• [Your instructions]: Take the entries below and retype them word for word, excluding the images.

• [Material provided]:
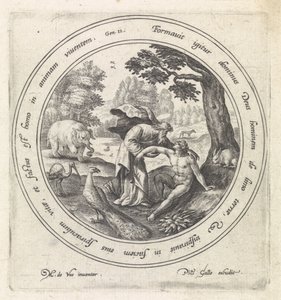Stworzenie Adama Historia Adama i Ewy (tytuł serii) autorstwa Crispijn van de Passe (I)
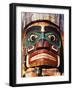 Totem Pole Detail, Duncan, Vancouver Island, BC, Canada-Walter Bibikow-Framed Photographic Print
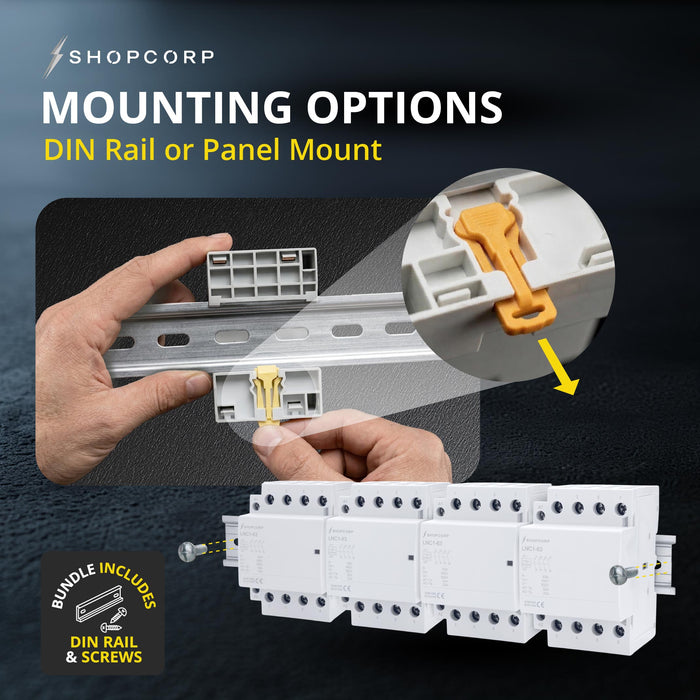 Shopcorp 63A 16 Pole (4x4) NO Contactor - IEC 400V 110/120VAC Coil - with DIN Rail & Screws for HVAC, Motor and Lighting - Mounting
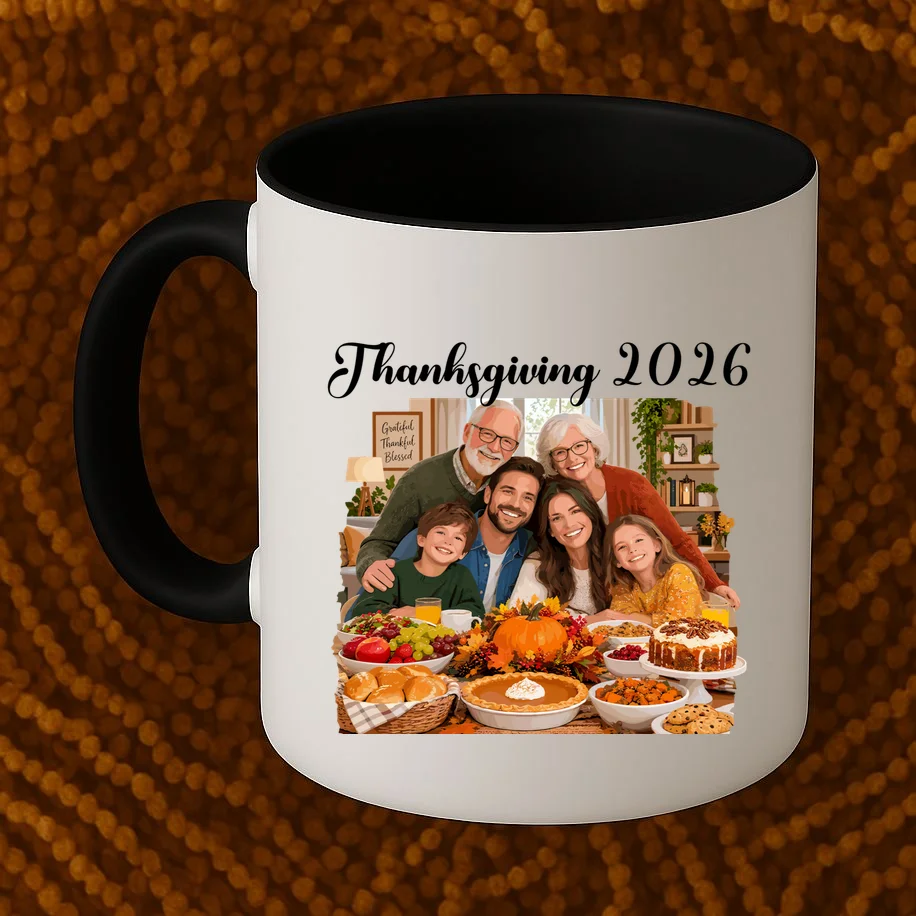 Personalized Thanksgiving Family Portrait – Custom Family Photo Fall Holiday Design Mug - Front 1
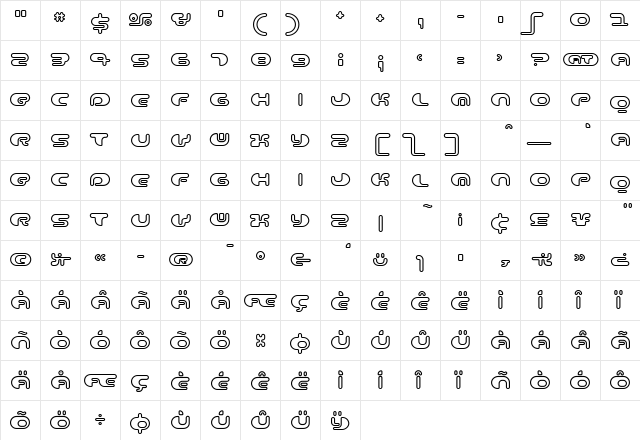Contour Regular  glyph index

• [Solution to this exercise]:
Stworzenie Adama Historia Adama i Ewy (tytuł serii) autorstwa Crispijn van de Passe (I)
 Totem Pole Detail, Duncan, Vancouver Island, BC, Canada-Walter Bibikow-Framed Photographic Print
 Shopcorp 63A 16 Pole (4x4) NO Contactor - IEC 400V 110/120VAC Coil - with DIN Rail & Screws for HVAC, Motor and Lighting - Mounting
 Personalized Thanksgiving Family Portrait – Custom Family Photo Fall Holiday Design Mug - Front 1
Contour Regular  glyph index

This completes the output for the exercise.